Governo suspende medicamento para 8 mil pacientes com leucemia

Medicamento de alto custo e vital para pacientes crônicos teve a distribuição suspensa no final de fevereiro, sem uma explicação plausível

Governo suspende medicamento para 8 mil pacientes com leucemia
Talvez os tecnocratas do Ministério da Saúde não saibam, mas quem tem câncer tem pressa (Foto: D. Meyer)

Cerca de 8 mil brasileiros que sofrem de leucemia mieloide crônica (LMC) vivem dias de preocupação desde que foi suspensa no final de fevereiro a entrega aos hemocentros em todo o país do quimioterápico mesilato de imatinibe. O medicamento – de alto custo – é vital para a manutenção da esperança e da qualidade de vida destes pacientes crônicos – a maioria deles já sem sua dose diária de quimioterapia.

A falta do fármaco afasta o paciente da fase crônica da doença – cuja expectativa de vida supera os dez anos – e o condena à fase aguda, com perspectiva de morrer em menos de doze meses. Até o momento, o Governo Federal não deu uma explicação plausível para o desabastecimento. A caixa do quimioterápico – com 30 comprimidos de 400 mg – tem um preço médio superior a R$ 10 mil por mês.

Mas o que está ruim ainda pode piorar. Numa espécie de pré-Reforma da Previdência, pacientes com câncer estão perdendo o auxílio-doença. Nos postos do INSS, os peritos – de forma subjetiva – avaliam se os doentes em tratamento possuem “capacidade laborativa”. Esta regra vale somente para os trabalhadores do regime geral da Previdência – a grande maioria dos brasileiros. Para militares e funcionários públicos federais – como os próprios peritos do INSS -, a regra é diferente e determina que eles sejam aposentados por invalidez, independentemente da capacidade de trabalho.

Essa diferenciação entre brasileiros comuns e brasileiros de elite ocorre no acesso aos medicamentos de alto custo. Por exemplo, o superseguro de saúde dos senadores e deputados federais, bancado com dinheiro público, garante a estes cidadãos poderosos e especiais o acesso sem dificuldade ou atraso a qualquer tratamento.

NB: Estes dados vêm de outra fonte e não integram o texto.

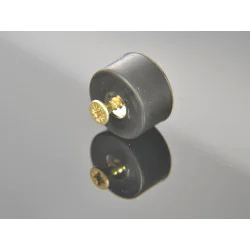 Magnes w gumie, okrągły, pod wkręt — ⌀19,5 mm, ⌀7,2/⌀3,6 mm, wys. 11,5 mm — neodymowy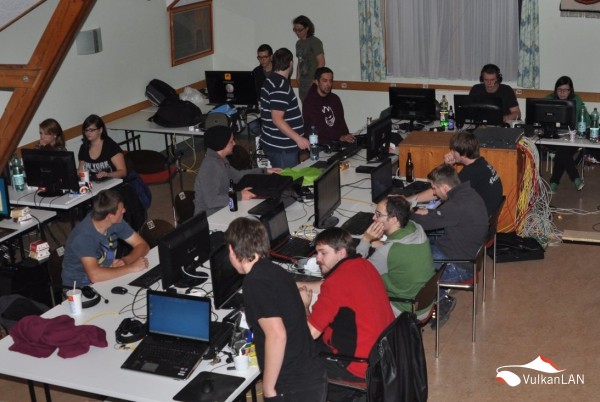 35.VulkanLAN 20121026-28 029 500px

Muitos pacientes do SUS vivem situação dramática. É o caso de Maria, de 47 anos – personagem desta matéria. Ela preferiu este nome com medo de represália, tanto no INSS quanto no hemocentro onde é atendida. “De uma hora para outra, a vida se torna um pesadelo. Sofro constantemente de fadiga, diarreia, náuseas e dor muscular. O remédio que me mantém viva acabou, sem previsão de entrega. E não tenho espaço no mundo do trabalho. Estou desempregada e uma empresa não contrata quem trata do câncer”, lamenta.

Ministério da Saúde não tem pressa

Em nota oficial, a Associação Brasileira de Linfoma e Leucemia (Abrale) destaca a “situação calamitosa” e alerta para os riscos da falta do mesilato de imatinibe. “Enviamos um ofício para o departamento de Assistência Farmacêutica do Ministério da Saúde solicitando um posicionamento do órgão quanto à regularização do fornecimento do medicamento. Porém, até o momento, não obtivemos resposta”.

A entidade buscou o ministério por todos os meios até obter a promessa de que a distribuição voltaria ao normal no dia 22 de abril – o que efetivamente não ocorreu. Há versões de que a embalagem está fora dos padrões, embora, para estes pacientes, o conteúdo seja muito mais importante do que qualquer invólucro.

O medicamento que prolonga a vida

Introduzido no mercado em 2001, o Imatinibe é comercializado mundialmente com o nome fantasia de Glivec. O produto prolonga a vida dos pacientes com LMC – e outros tumores – e garante também mais qualidade no dia a dia por um período comprovadamente superior. Antes do Imatinibe, a perspectiva de vida do doente de LMC era inferior a cinco anos.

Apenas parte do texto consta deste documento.